BEGIN Data for processing

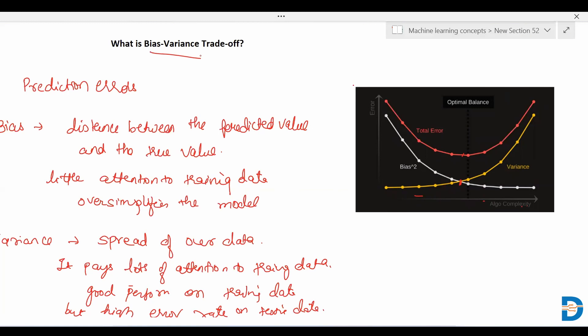So finding that optimal point is known as the bias-variance trade-off. This is, in short, what is bias-variance trade-off. Thank you, bye-bye.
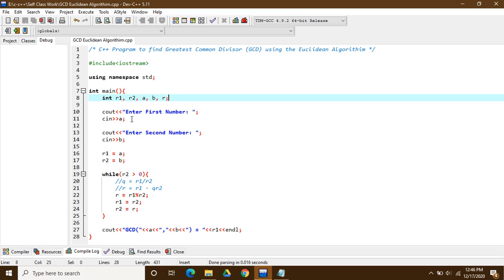The cout statement tells the user to enter the first number, and cin takes a as the first value. It then prompts for the second number and takes b as the second value. Then, as the pseudocode indicated, we assign r1 equal to a and r2 equal to b. The while loop runs as long as r2 is greater than zero.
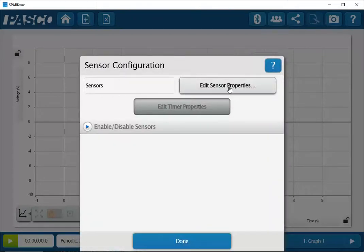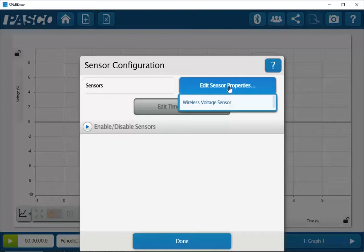Once I've done that I'll click on edit sensor properties and I'll select my wireless voltage sensor.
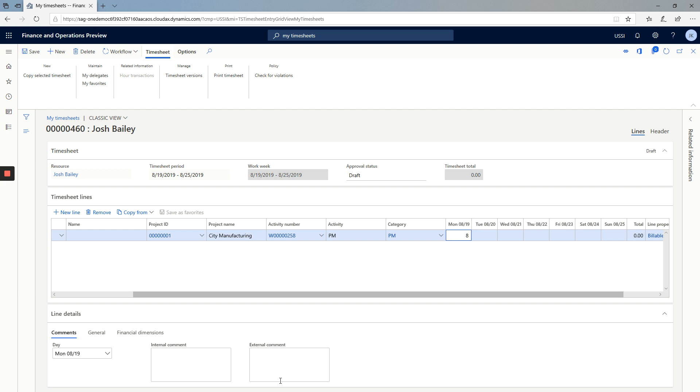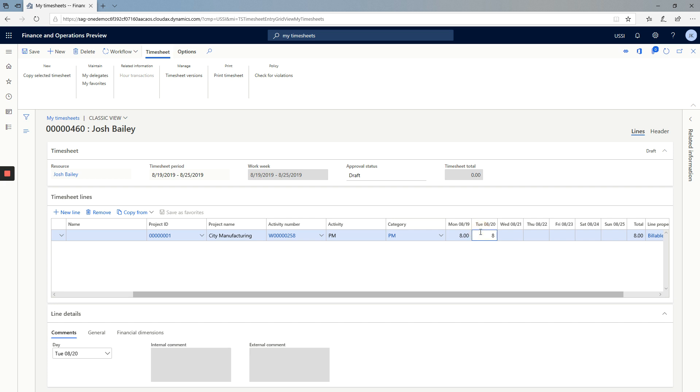As I enter an hour, the external comment lights up, and this allows me to enter an external comment. This is an external comment. You can see that it's also possible to enter internal comments, which would be comments for an approver to see and understand the time that was done. External comments are designed for a customer to see that comment on the eventual customer-facing invoice.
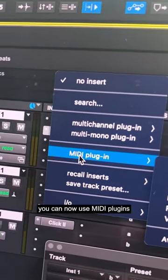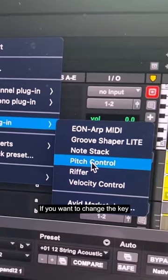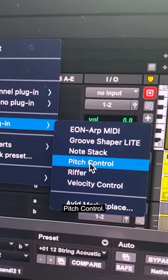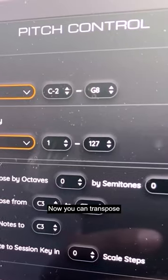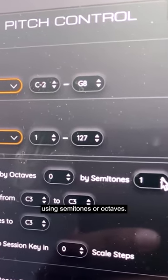In the new Pro Tools update, you can now use MIDI plugins for your instruments. If you want to change the key real fast, you could use the pitch control. Now you can transpose all the MIDI quickly using semitones or octaves.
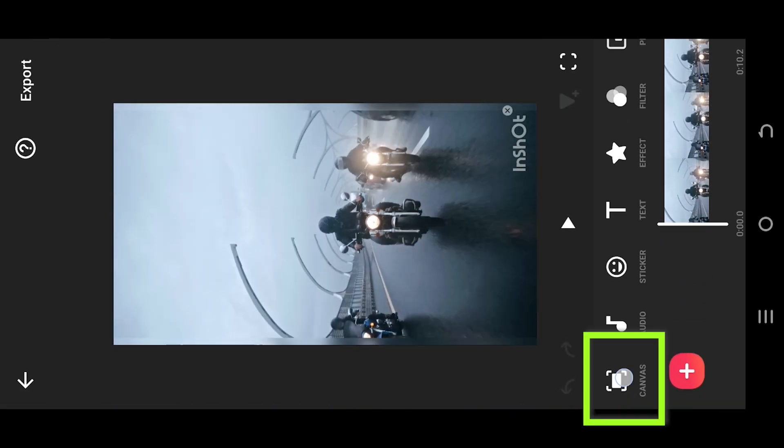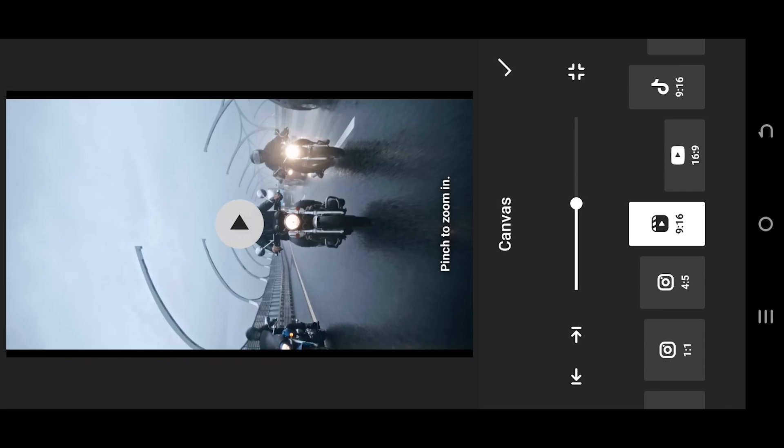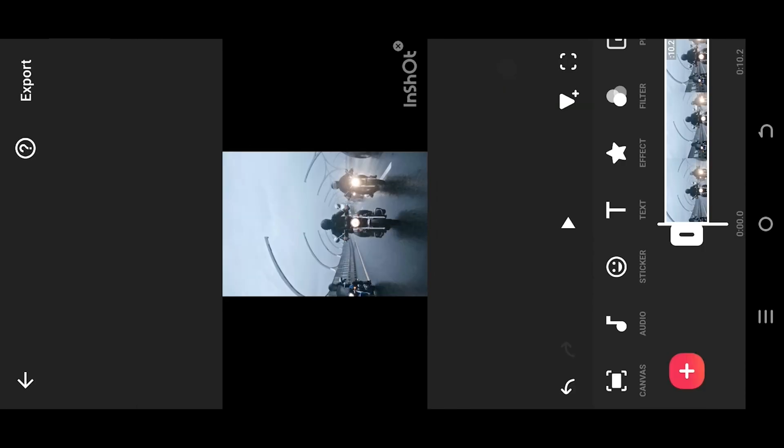Select canvas. Select the aspect ratio for landscape mode, so 16 is to 9. Adjust the video size. Confirm it.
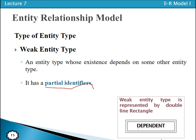An instance of a strong entity type can exist independently. But an instance of a weak entity type cannot exist independently — it cannot exist without being linked with the instance of some other entity type. For example, if 'Aliyah' is an employee, then Aliyah's dependents such as mother, father, wife, and kids can only exist in the database when Aliyah the employee exists.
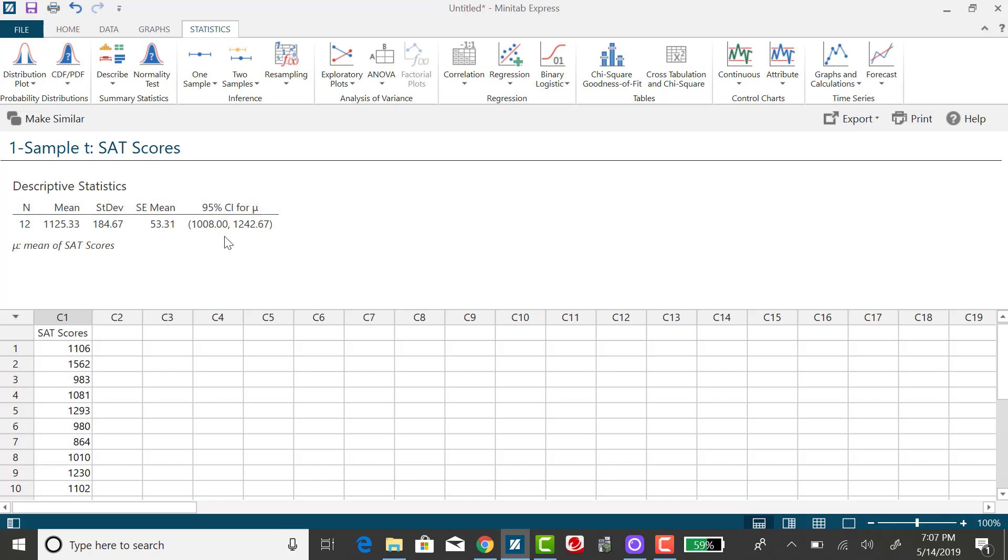What I'm looking for is a 90% confidence interval, so I need to change this level of confidence.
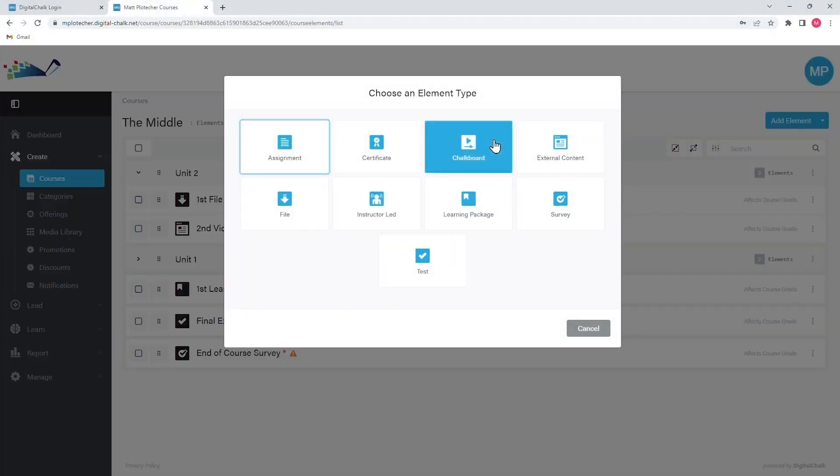Though the list is alphabetical, the most used element from the list is the chalkboard, the heartbeat of the digital chalk system.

END Data for processing

_Work request_
Pictures stay out; copy every entry above exactly.

_Exercise result_
So finding that optimal point is known as the bias-variance trade-off. This is, in short, what is bias-variance trade-off. Thank you, bye-bye.
The cout statement tells the user to enter the first number, and cin takes a as the first value. It then prompts for the second number and takes b as the second value. Then, as the pseudocode indicated, we assign r1 equal to a and r2 equal to b. The while loop runs as long as r2 is greater than zero.
Once I've done that I'll click on edit sensor properties and I'll select my wireless voltage sensor.
As I enter an hour, the external comment lights up, and this allows me to enter an external comment. This is an external comment. You can see that it's also possible to enter internal comments, which would be comments for an approver to see and understand the time that was done. External comments are designed for a customer to see that comment on the eventual customer-facing invoice.
In the new Pro Tools update, you can now use MIDI plugins for your instruments. If you want to change the key real fast, you could use the pitch control. Now you can transpose all the MIDI quickly using semitones or octaves.
Select canvas. Select the aspect ratio for landscape mode, so 16 is to 9. Adjust the video size. Confirm it.
An instance of a strong entity type can exist independently. But an instance of a weak entity type cannot exist independently — it cannot exist without being linked with the instance of some other entity type. For example, if 'Aliyah' is an employee, then Aliyah's dependents such as mother, father, wife, and kids can only exist in the database when Aliyah the employee exists.
What I'm looking for is a 90% confidence interval, so I need to change this level of confidence.
Though the list is alphabetical, the most used element from the list is the chalkboard, the heartbeat of the digital chalk system.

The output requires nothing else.